25 July 2010

Lenin’s Mausoleum

At my father’s behest, I got around to seeing Lenin’s Mausoleum.  For reasons unbeknownst to me, Lenin’s tomb is a big attraction.  International crowds line up early in the morning, in a quite a long line, give up all of their recording devices like cameras and smart phones, and go through a metal detector.  Once the security check is complete, there is a long procession that takes the visitors by the graves of many Soviet heroes, including Khrushchev and Stalin.  Finally, one arrives at the door of the mausoleum and is greeted by strict and formally dressed military officers.
Curious foreigners chat amongst themselves.  They are repeatedly reminded that this is a dead man’s resting place, and hence respect and silence is warranted.  As the visitors were hushed by the guards, my father, being hard of hearing, kept asking in a loud voice what the guards said after they told him to hush.  The guards would then hush my dad some more; and that was followed by my dad even more quizzically asking again what the guards said.
After going through a winding subterranean hallway, once gets to see Lenin.  After a 270 degree tour of the dead man - or a replica - lying in state, one starts to climb stairs and emerges from the underground lair. 

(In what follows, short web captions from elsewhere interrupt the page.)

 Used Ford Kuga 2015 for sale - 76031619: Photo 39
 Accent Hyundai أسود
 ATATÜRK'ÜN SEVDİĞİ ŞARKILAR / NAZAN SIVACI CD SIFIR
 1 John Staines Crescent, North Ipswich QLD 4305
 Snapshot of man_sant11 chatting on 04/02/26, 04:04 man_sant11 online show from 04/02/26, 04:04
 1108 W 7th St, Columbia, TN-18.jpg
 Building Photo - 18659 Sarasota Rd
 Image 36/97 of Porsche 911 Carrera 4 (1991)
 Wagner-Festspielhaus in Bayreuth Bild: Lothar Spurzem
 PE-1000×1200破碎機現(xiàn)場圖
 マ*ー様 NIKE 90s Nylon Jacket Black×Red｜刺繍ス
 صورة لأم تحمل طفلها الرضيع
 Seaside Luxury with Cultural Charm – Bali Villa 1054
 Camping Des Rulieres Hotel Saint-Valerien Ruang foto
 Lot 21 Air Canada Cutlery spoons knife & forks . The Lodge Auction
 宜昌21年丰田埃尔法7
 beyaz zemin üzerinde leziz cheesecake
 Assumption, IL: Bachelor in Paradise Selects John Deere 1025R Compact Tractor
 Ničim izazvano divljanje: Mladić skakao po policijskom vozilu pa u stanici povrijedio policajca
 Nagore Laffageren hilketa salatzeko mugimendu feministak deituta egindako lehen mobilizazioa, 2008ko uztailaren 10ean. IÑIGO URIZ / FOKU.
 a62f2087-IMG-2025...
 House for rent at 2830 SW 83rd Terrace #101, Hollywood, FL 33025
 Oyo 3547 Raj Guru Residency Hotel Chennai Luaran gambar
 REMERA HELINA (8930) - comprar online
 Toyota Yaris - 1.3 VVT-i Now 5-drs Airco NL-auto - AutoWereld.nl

Overall, it was an unsettling experience for a number of reasons.  First, the mausoleum creates a cult of personality around Lenin, where – whether you appreciate or agree with them – Lenin’s ideas are what should be discussed.  Second, the mausoleum seemed like a house of worship.  This is an extension of the personality cult criticism, but there was something rather church-like about the experience that left an eerie feeling.  Third, this mausoleum is a historical anachronism in 2010.  Russia is capitalism’s new frontier; its markets are generally unregulated and near the polar opposite of communism. 
 Ending the Lenin Era:  Mikhail Gorbachev
I do not understand how a tourist attraction can be built around a dead man but, evidently, it can; and tourists come flocking from the earth's four corners despite the oddness of the display.

2 comments:

  1. IMHO: Destroying the Orthodox Church, they substituted it and its influence with things that looked so usual: May-Day or 7 Nov demonstrations instead of Crucessions, leader portraits instead of icons, Lenin's corpse instead of remains of the saints etc. That's why it looks so religiously.